Wednesday 28 November 2012

Good Grief!

As part of the human condition and as I think that this blog relates to that through my occupation as a physiotherapist, the article on grieving, written by Vaughan Bell in the Observer related to the psychology of grief,  was worthy of discussion

Mourning can take many different forms across different cultures, based on many different understandings of death. Claims that there is a universal psychology of grief  fails when viewing the diversity of humankind. Aboriginal Australians have a taboo about naming or encountering representations of the dead. On the Pacific coast of Colombia there is a belief that the death of a young child is marked by celebrations as it is believed that dead becomes an angel and goes directly to heaven. The Ganda people in Uganda  have a strict prohibition of sexual activity during mourning whilst the Cubeo tribe in Brazil have sex as part of the wake.

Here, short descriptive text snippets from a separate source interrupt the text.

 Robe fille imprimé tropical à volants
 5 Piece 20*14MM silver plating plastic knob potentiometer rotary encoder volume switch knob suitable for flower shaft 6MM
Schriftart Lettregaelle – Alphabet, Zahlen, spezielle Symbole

 I was led to believe that when we grieved we followed through  certain stages or phases and that this popular belief was normal and it was somehow abnormal if you did follow through these stages. It was the Swiss psychiatrist Elizabeth Kubler-Ross who first put forward the idea of DABDA; an acronym for denial, anger,bargaining,depression and acceptance and that somehow we moved through these stages of adjustment, and that sometimes you didn't and you got stuck in one or other stage and was then unable to move through the grieving process; or that you could go from denial to acceptance in one move and miss out all the other stages and so on. It turns out that she was talking about ones own acceptance of death and also  her ideas were wildly over-applied.

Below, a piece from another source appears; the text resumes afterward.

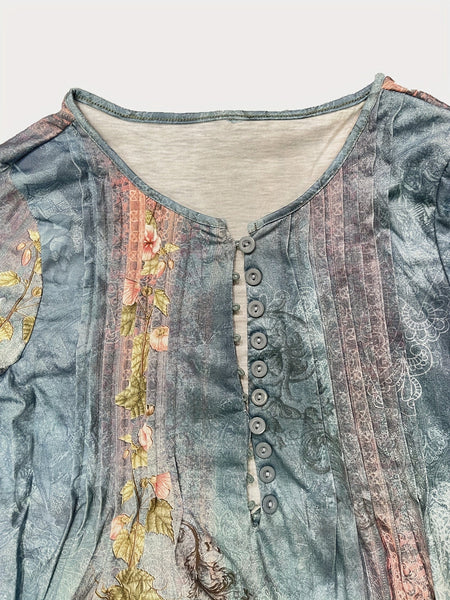 Plus Size Women's Floral Print Bell Sleeve Ruched Henley T-shirt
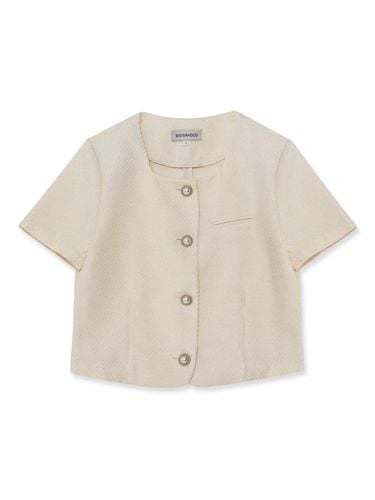 Square neck tweed short-sleeved jacket - beige - sisterhood - Modalova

Elsewhere a psychologist George Bonanno followed individuals who were bereaved over years and found that there were no evidence of stages. Being plunged into despair and then slow recovery turns out to be exaggeration  It seems that sadness is a common response but deep debilitating anguish is an exception not a rule. Most people experience the heartache of losing someone but feel the  loss in different ways. There are no rules to dealing with loss; we all do it differently. No stages just personal journeys


  1. There was an article in the Sunday Times referencing the same topic. In it is discussed the Kubler-Ross theory or ‘experience’ that somehow after all the ‘stages’ you are considered to ‘have got over it’ and ‘moved on’. Quite what this actually means is the subject for debate. However, thinking of dealing with loss as a journey suggests that there is a beginning and an end. Quite clearly there is a beginning, although actually the grieving process can actually start before the death; which ironically can make the first ‘stage’ of the process seem illusionarily manageable. But is there actually an end? Doe one ever get to a point when the grief is over? Clearly there is a better way of publicly dealing with it which is of course all society really cares about. Visible grief is something that few can actually respond to easily. Once one gets to the stage when the tears stop and the bereaved are seen to be acting ‘normally’ then one is perceived to have dealt with the loss. But grief is not an emotion that ever really ends.